A study by psychologists Fei Xu and Elizabeth Spelke demonstrated that infants can recognize quantitative differences in large sets if the ratio between compared sets is significant. Infants six months old can recognize the difference between 8 objects and 16 objects. However, when they tested the infants’ ability to recognize the disparity between arrays of 8 and 12 dots, instead of 8 and 16 dots, reducing the ratio of quantities to 2:3 (8:12) from 1:2 (8:16), the results shifted dramatically. The infants’ staring patterns reflected no appreciation of the disparity between 8 and 12 dots. This is compelling evidence confirming that infants can recognize differences between large sets of quantities when the ratio is a least 1:2 which suggests that humans have an innate ability for approximating large quantities.

Recognizing the difference between one and two doll-like figures, or between 8 and 16 dots on a screen only implies that infants are drawn to visual disparities. Recent studies have attempted to study cross-modal recognition of quantities by infants. Psychologist Veronique Izard and her colleagues have demonstrated that newborn babies can recognize some differences between quantities on an abstract, cross-modal basis. After Infants heard a sequence of four syllables, they stared longer at a screen that displayed four images than one that displayed either eight or twelve images. The findings of Izard and her colleagues support the claim that humans are born with the ability to approximate large sets of items, and that this ability is tied to more than one of our senses.

A team of psychologists at the University of Chicago studied the numerical gestures of children 3-5 years old. The children were more at home using their fingers to describe small quantities than using number words. Fingers can represent the number of items in a small set, whereas number words are arbitrary and must be memorized. 3-year olds learn number words but have only a very basic understanding of what they mean. By the age of four, children learn the successor principle, which refers to the awareness that each number in a counting sequence is one more than the previous number.
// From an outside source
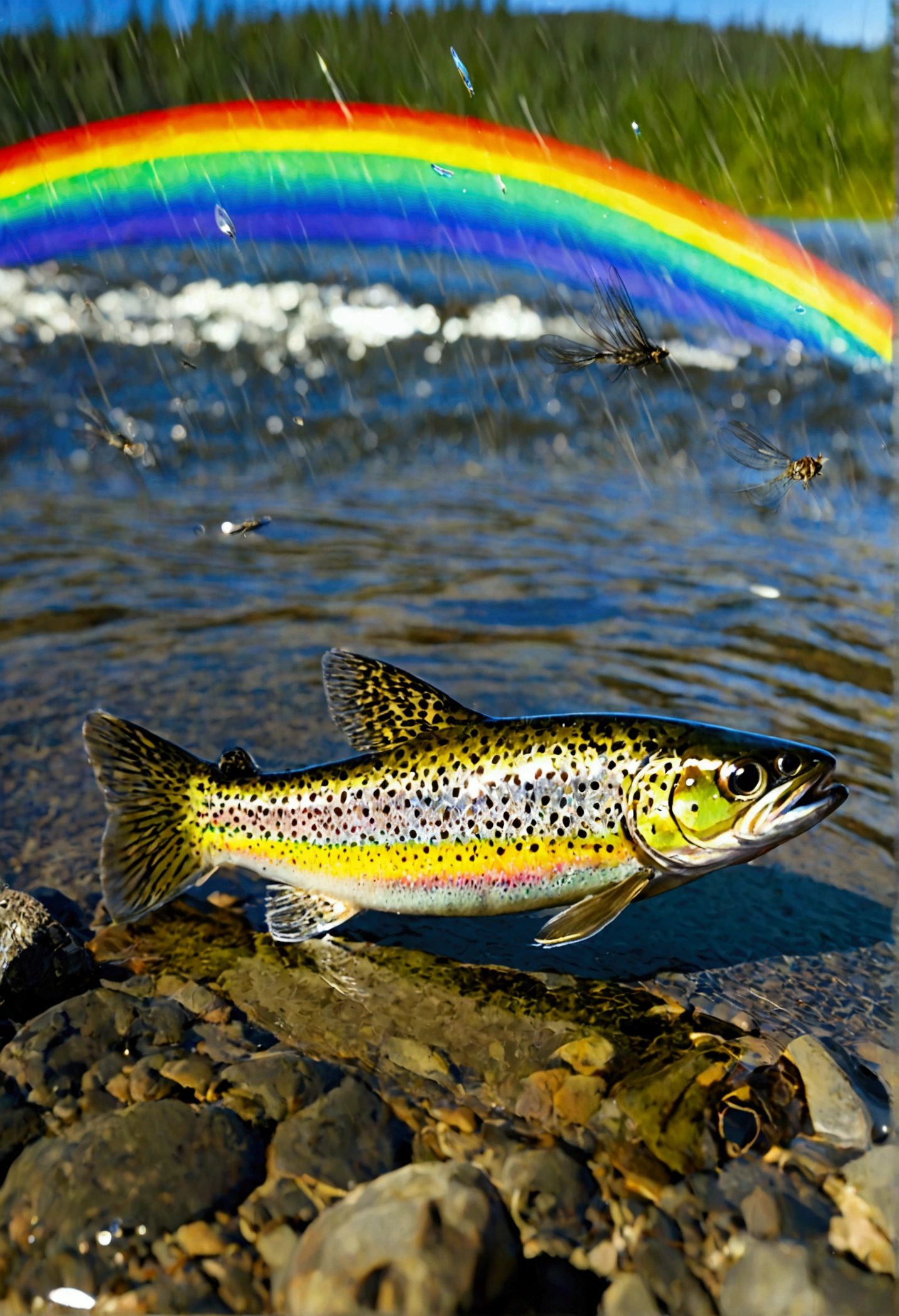 Early summer in Canada, Yukon River. Small, white mayflies swarm and dance wildly on the river surface. A single rainbow trout jumps across the choppy river surface to prey on the mayflies. In the early summer sunshine, the trout's body sparkles and splashes of water. A powerful scene. The camera focuses on the movement of the rainbow trout and the splashes of water. High-definition, realistic, detailed depiction of an early summer mountain stream with a swarm of mayflies dancing.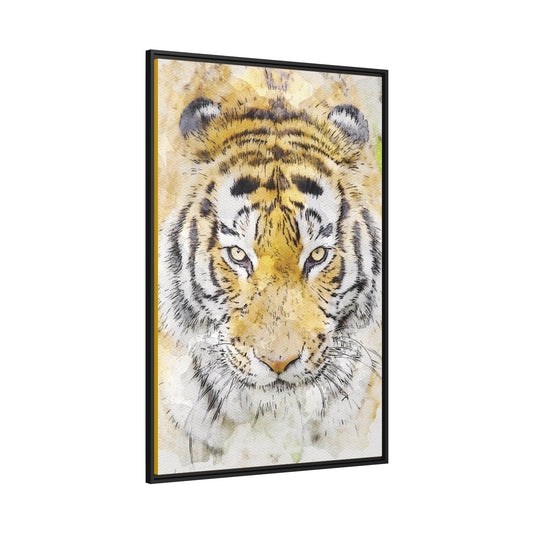 Tiger Matte Canvas, Black Frame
Another milestone on the way to arithmetic thought is the cardinal principle. When children acquire this principle, they recognize that the last number in a counting sequence represents the quantity of the entire set.

The use of words to represent numerical concepts greatly enhances our ability to manipulate numeric quantities but getting to this stage is hard work and is acquired over the course of many years. When children learn numbers, Everett emphasizes, it can’t be a process of learning names for concepts they already have. It must be a process of “concepting” those names: words like “four” and “five” and “six” function as place holders for ideas children eventually grasp. With instruction and practice, they start with concepts they know intuitively (such as that 2 is one more than 1) and learn to construct others by analogy (such as that 8 is one more than 7). Much as a fishing rod is a tool we use to acquire fish, number words are tools we use to acquire number concepts.
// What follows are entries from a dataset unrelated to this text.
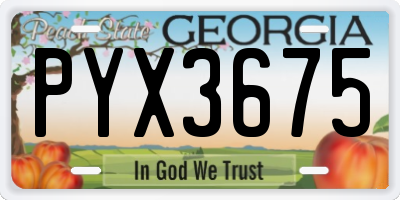 GA license plate PYX3675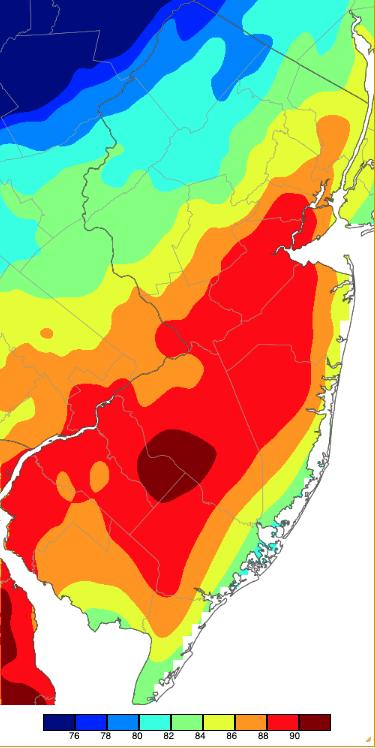 Maximum temperatures on September 6th based on a PRISM (Oregon State University) analysis generated using NWS, NJWxNet, and other professional weather stations.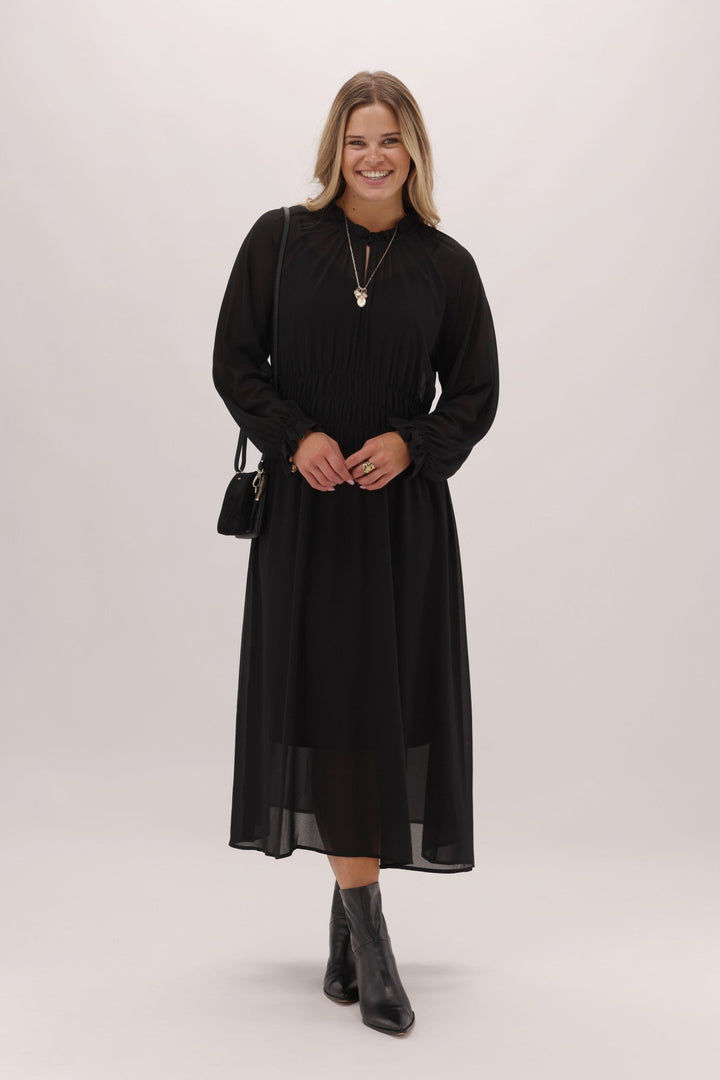 Gloss The Label Zakaii Shirred Detail Dress Black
What about the numeric abilities in animals? A study 1971 found that rats could be trained to approximate numbers. When rats were rewarded for pushing a lever a certain number of times, they tended to push the lever about the same number of times from then on. Many species are capable of discriminating quantities in approximate ways. In one experiment, when lionesses were played a recording of a lioness roaring, they tended to approach the source of the sound. However, when the sound of three lionesses was played, the lionesses tended to retreat from the source, an ability to differentiate that has obviously improved their survival odds. Some non-primates can exactly distinguish quantities in small sets. New Zealand robins have been shown to discriminate sets of up to four items, above that only if the ratio is at least 1:2, such as choosing between four and eight.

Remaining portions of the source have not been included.